═══ EXCERPTED DATA

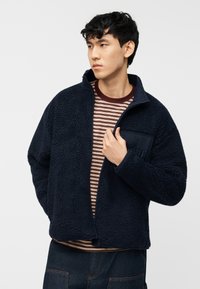 Νέος άνδρας που φοράει μπλε σκούρο fleece μπουφάν πάνω από ριγέ πουκάμισο σε βουργουνδί και μπεζ, με σκουρόχρωμο τζιν παντελόνι, κοιτάζει προς τα δεξιά.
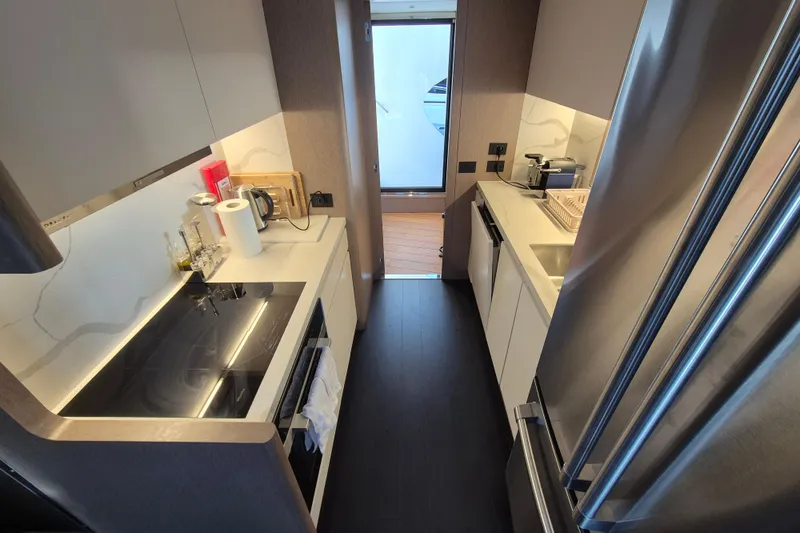  Yacht Photos Pics Modern kitchen interior of 2025 Azimut Grande 26M yacht with sleek appliances.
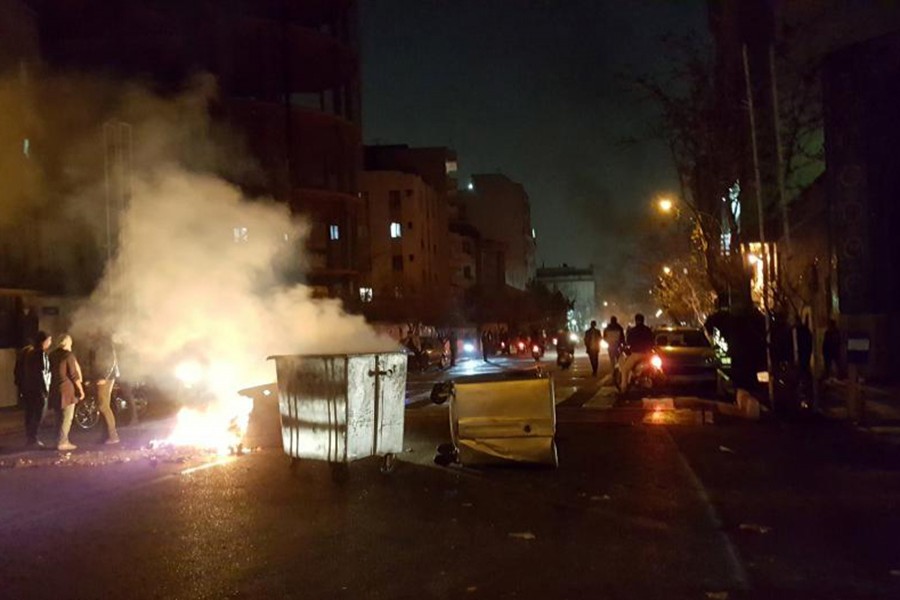 People protest in Tehran, Iran on Saturday in this picture obtained from social media. - via Reuters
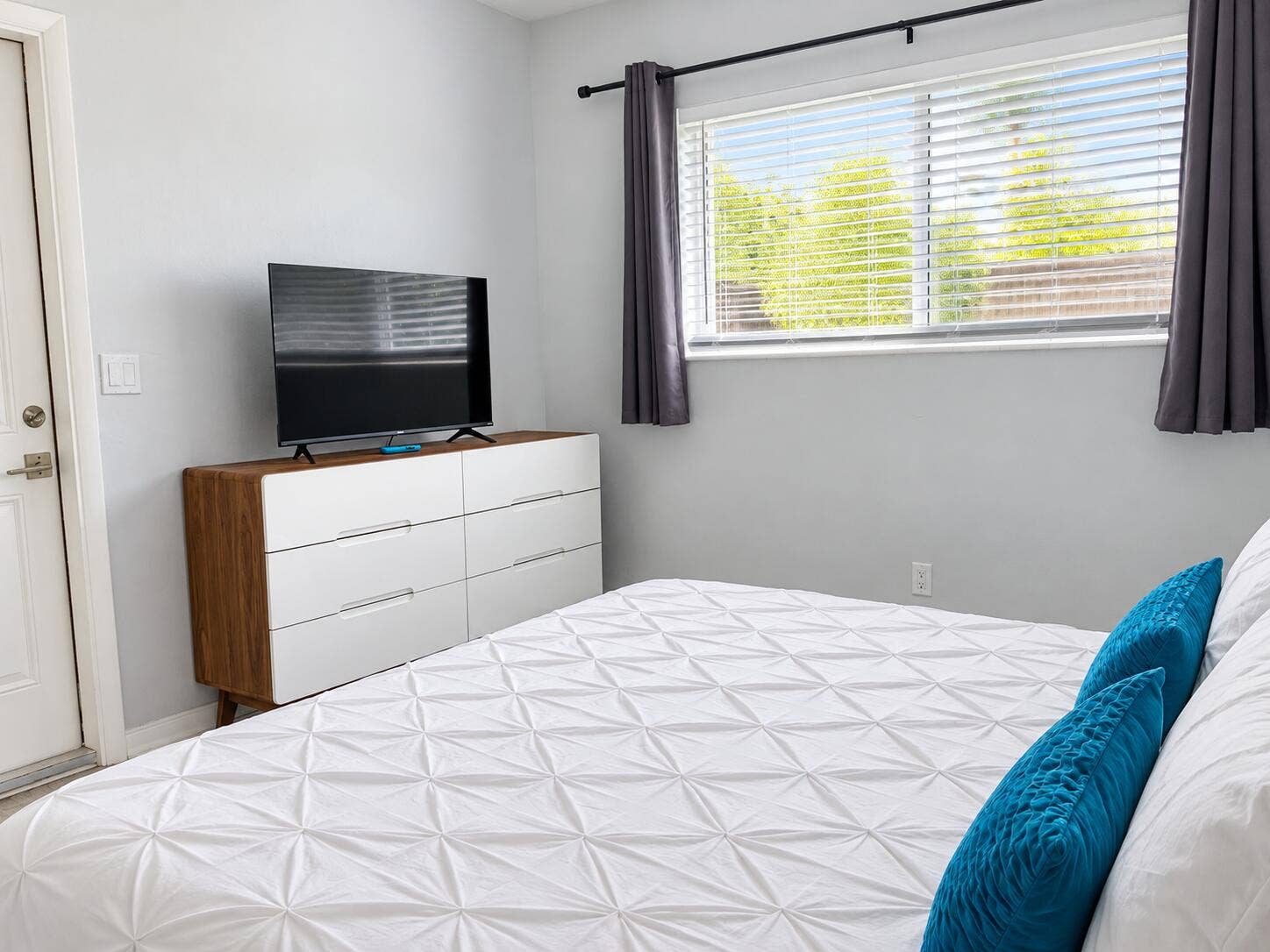 1261 SE 2ND Street, #1, Deerfield Beach, FL 33441 Sunlit Modern Bedroom with Teal Accents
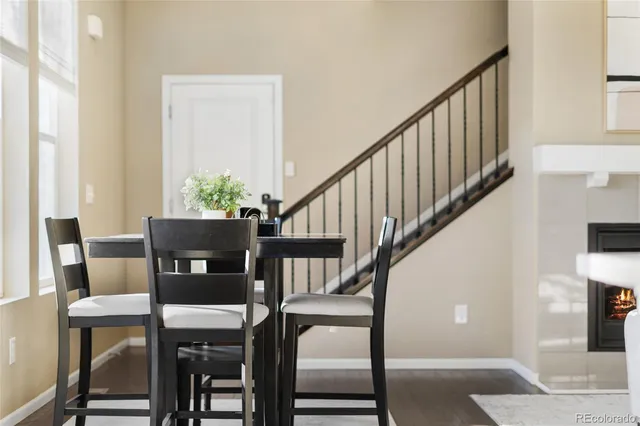 a view of entryway dining room and hall with wooden floor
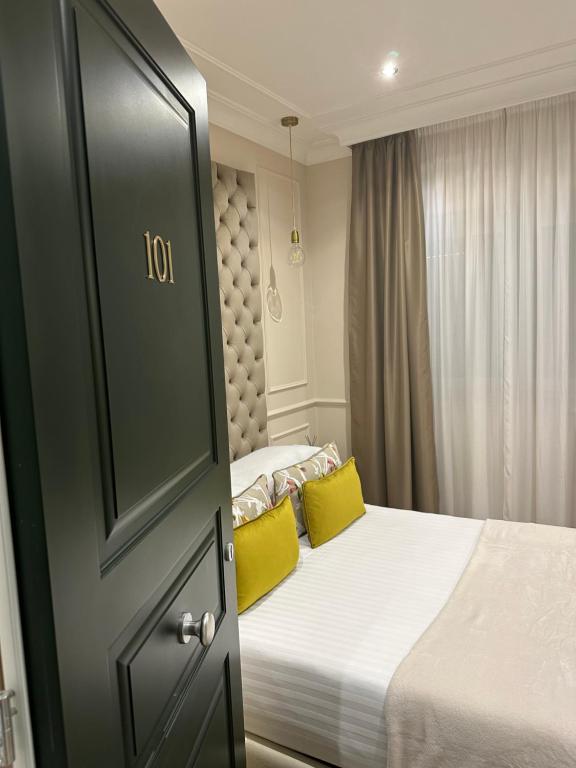 罗马NLM Boutique Suites的一间卧室配有一张带两个黄色枕头的床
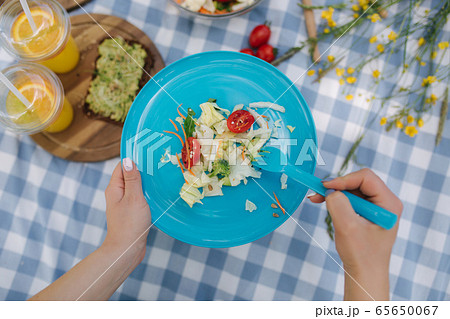 Woman take salad from blue plate on vegan picnic outdoors. Fresh and healthy food 65650067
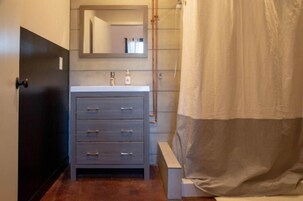 A bathroom with a grey vanity, a mirror, and a shower curtain.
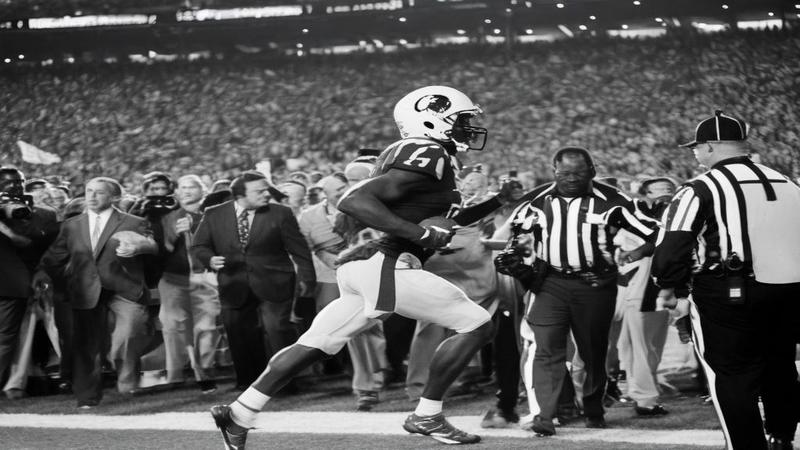 Jefferson jogs onto the field amid cheering fans, a water bottle for moral support, and the stadium lights winking approvingly.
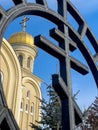 A fragment of St. Nicholas Cathedral in the city of Kislovodsk on the background of a cast-iron fence. Royalty Free Stock Photo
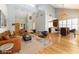 Spacious living room with leather furniture, hardwood floors, and high ceilings at 7909 Rio Rico Dr, Las Vegas, NV 89113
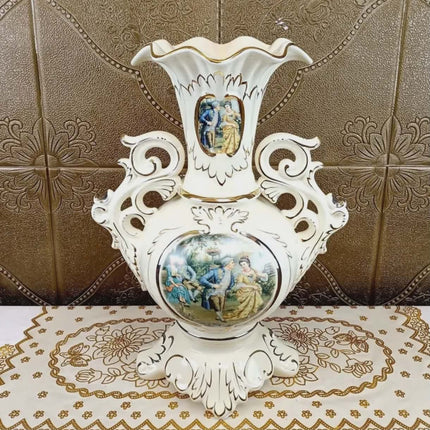 Decorative white vase with artistic designs on a patterned surface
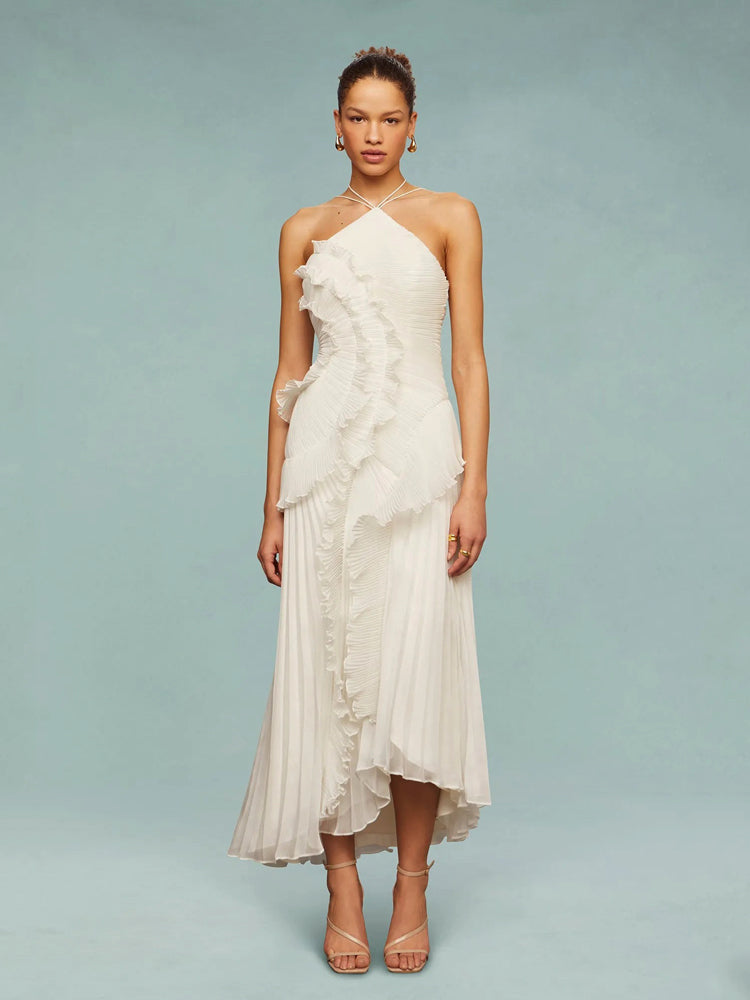Women's elegant sleeveless maxi dress with asymmetric pleats, ideal for wedding guests and special events.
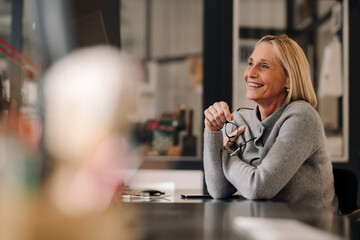 Happy mature businesswoman sitting at desk in office
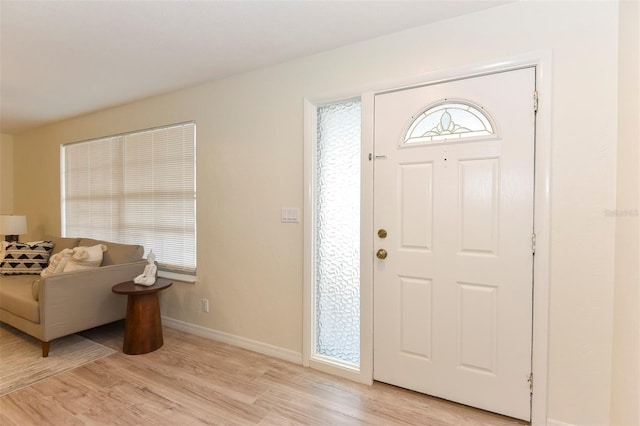 foyer entrance with light wood-type flooring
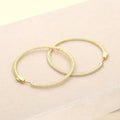 Flatlay view of CZ Large Inside-Out Hoop Earrings in Sterling Silver 2 inch, Yellow Gold Flashed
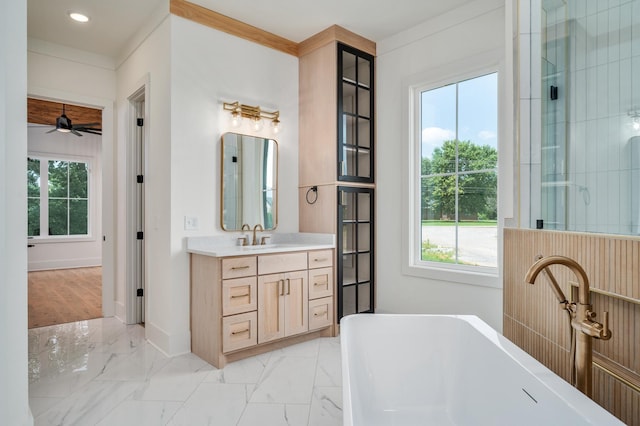 bathroom with plenty of natural light, a freestanding tub, vanity, and marble finish floors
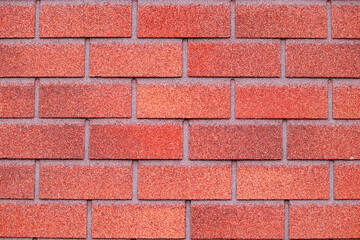 Obraz premium Brick wall background. Decorative coating of facade of building. Red brick texture.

══════

What is needed is an exact copy of the lines above, from the one holding "Decorative white vase" down to the one holding "foyer entrance with light wood-type flooring", with those two included and the pictures left out.

 Decorative white vase with artistic designs on a patterned surface
Women's elegant sleeveless maxi dress with asymmetric pleats, ideal for wedding guests and special events.
 Happy mature businesswoman sitting at desk in office
 foyer entrance with light wood-type flooring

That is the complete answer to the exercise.